:: Task to carry out ::
Transcribe everything in the listing as written, and let no image into the copy.
*** Records for this task ***
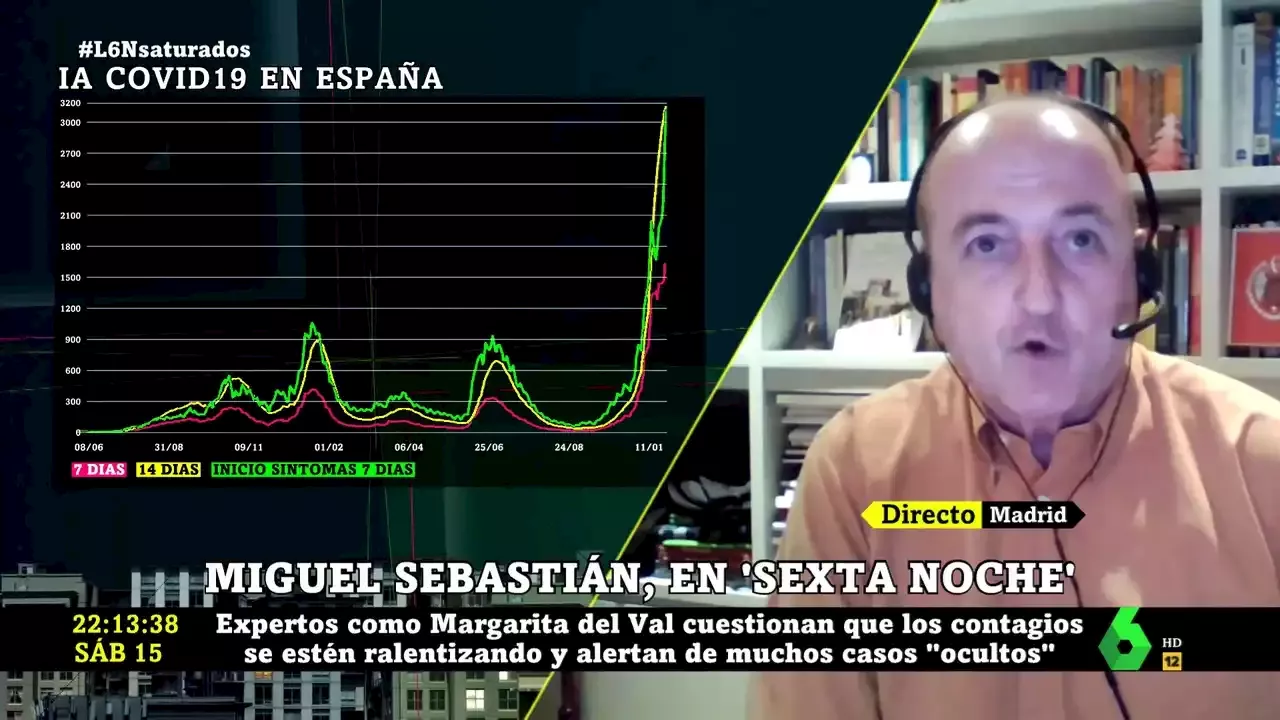 El pronóstico de Miguel Sebastián: ¿cuándo se alcanzará el pico de la sexta ola de coronavirus?
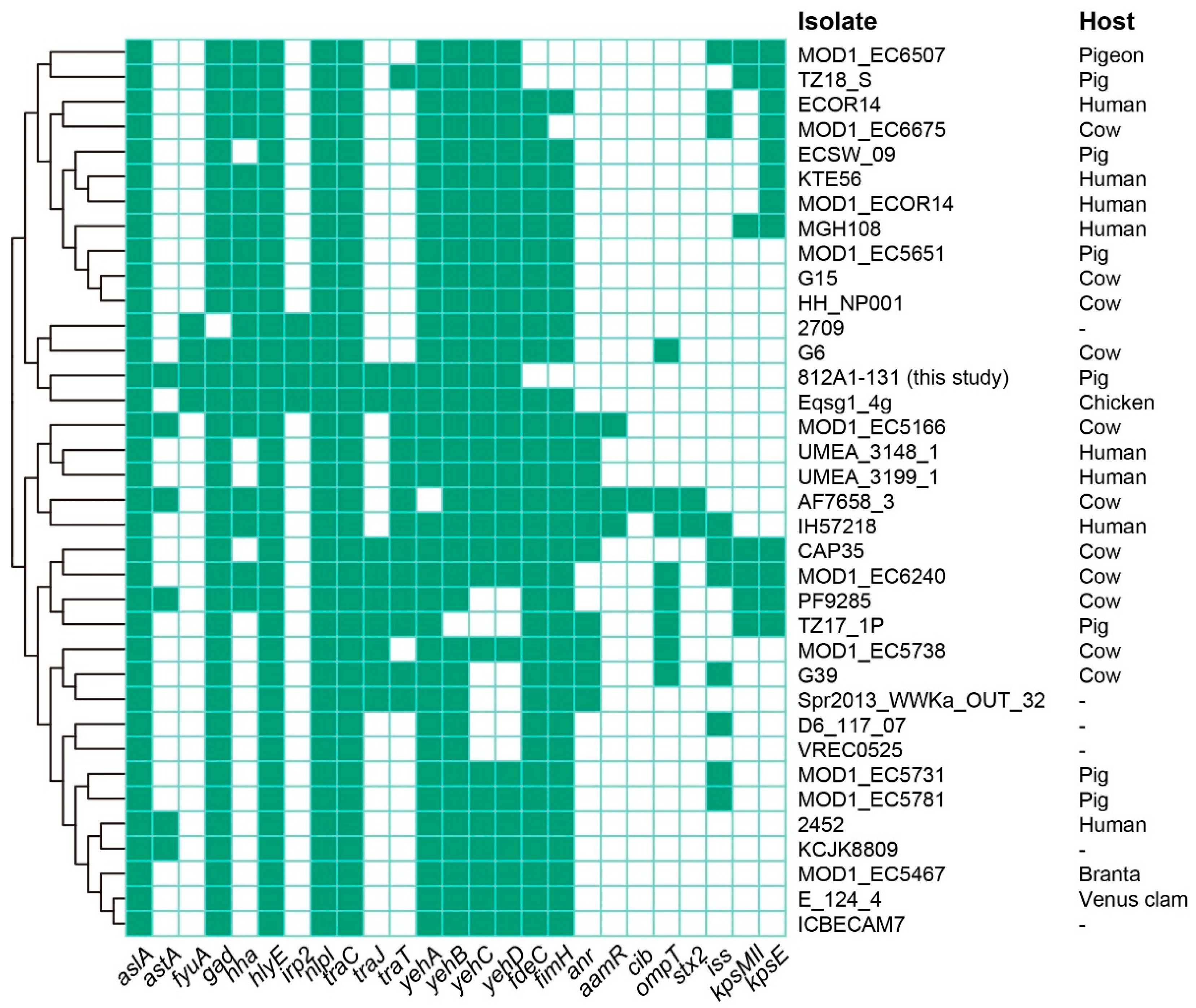 Pathogens 12 00903 g004
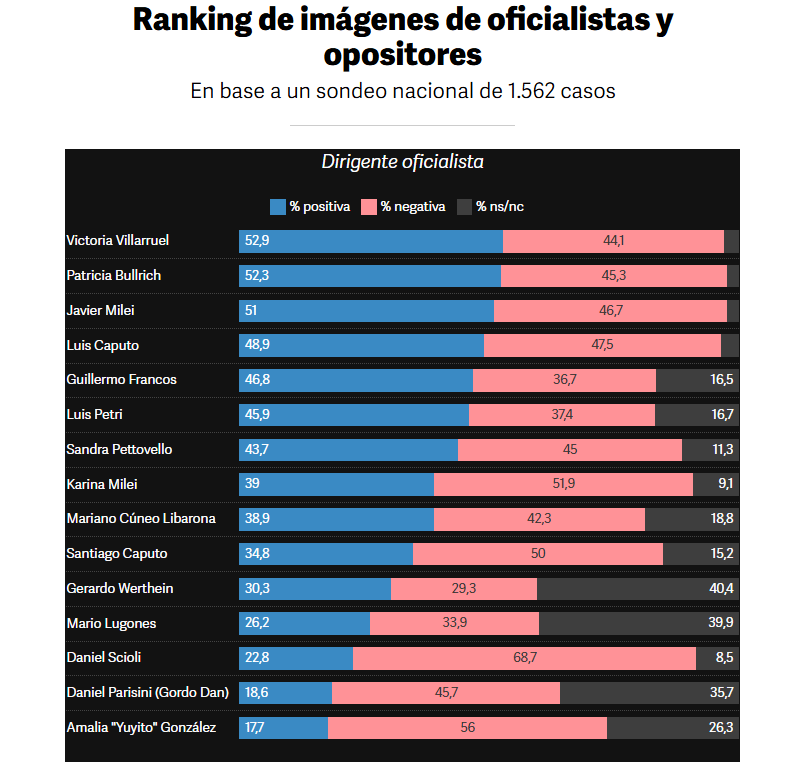 Ranking de imágenes de dirigentes oficialistas. Fuente CB Consultora.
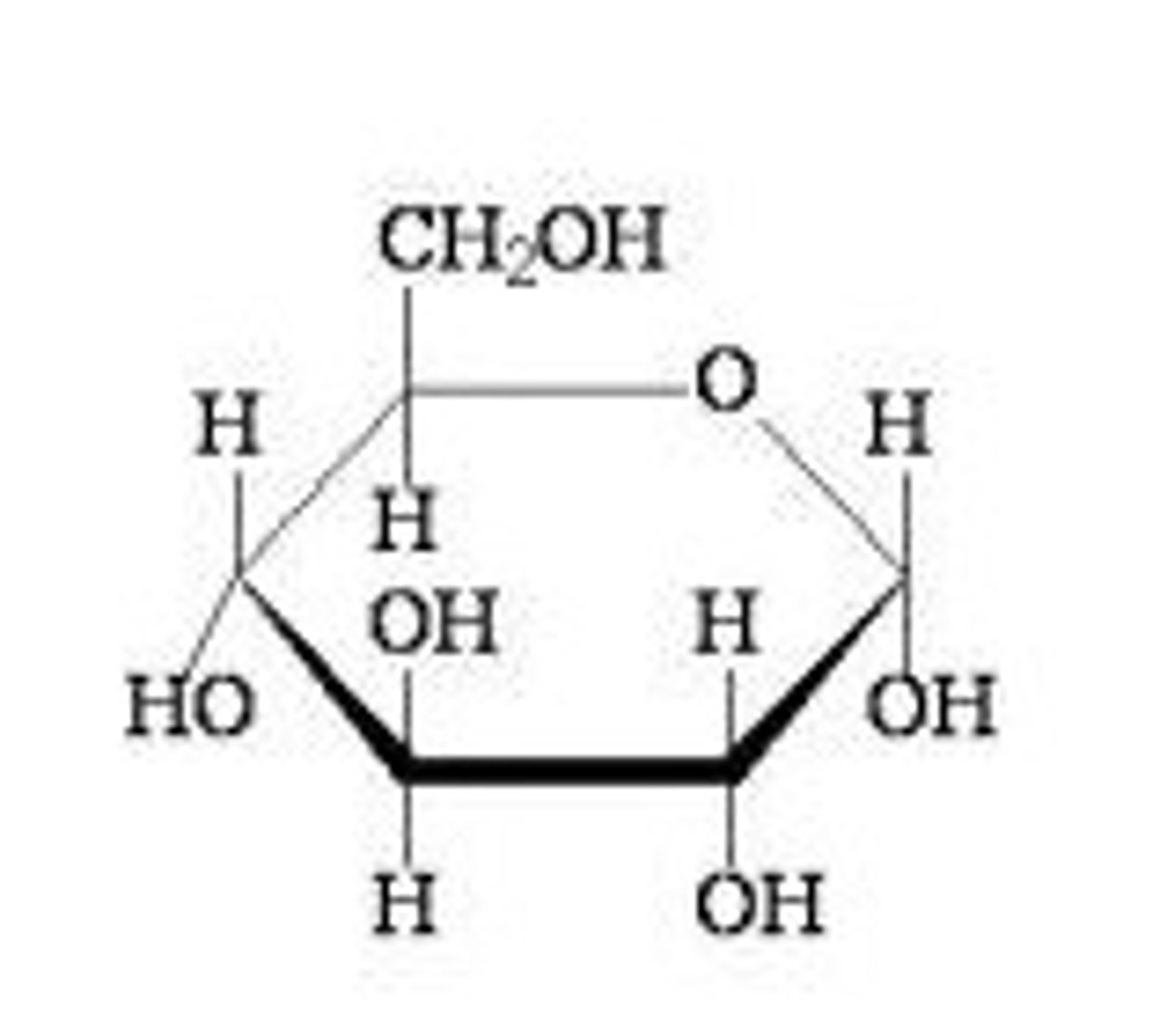 <p>a molecule containing a very large number of atoms; proteins, lipids, carbs, nucleic acids, etc.</p>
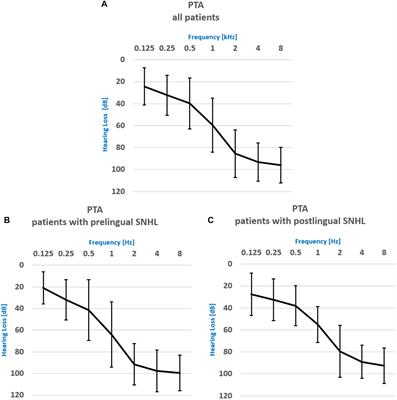 Altered Functional Connectivity in Patients With Sloping Sensorineural Hearing Loss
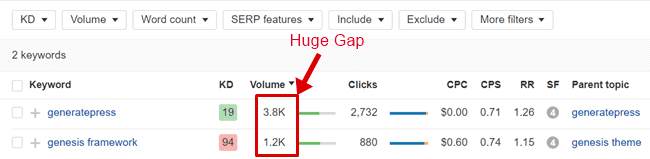 generatepress vs genesis framework ahrefs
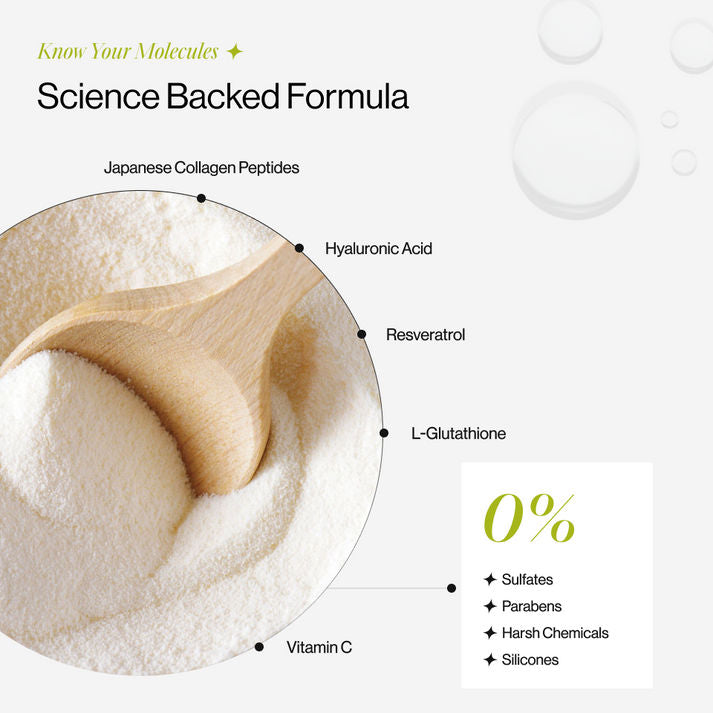 Beautywise Advanced Collagen Peptides (Lemon)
*** End of Records for this task ***
:: Response for this exercise ::
 El pronóstico de Miguel Sebastián: ¿cuándo se alcanzará el pico de la sexta ola de coronavirus?
 Pathogens 12 00903 g004
 Ranking de imágenes de dirigentes oficialistas. Fuente CB Consultora.
 <p>a molecule containing a very large number of atoms; proteins, lipids, carbs, nucleic acids, etc.</p>
 Altered Functional Connectivity in Patients With Sloping Sensorineural Hearing Loss
 generatepress vs genesis framework ahrefs
 Beautywise Advanced Collagen Peptides (Lemon)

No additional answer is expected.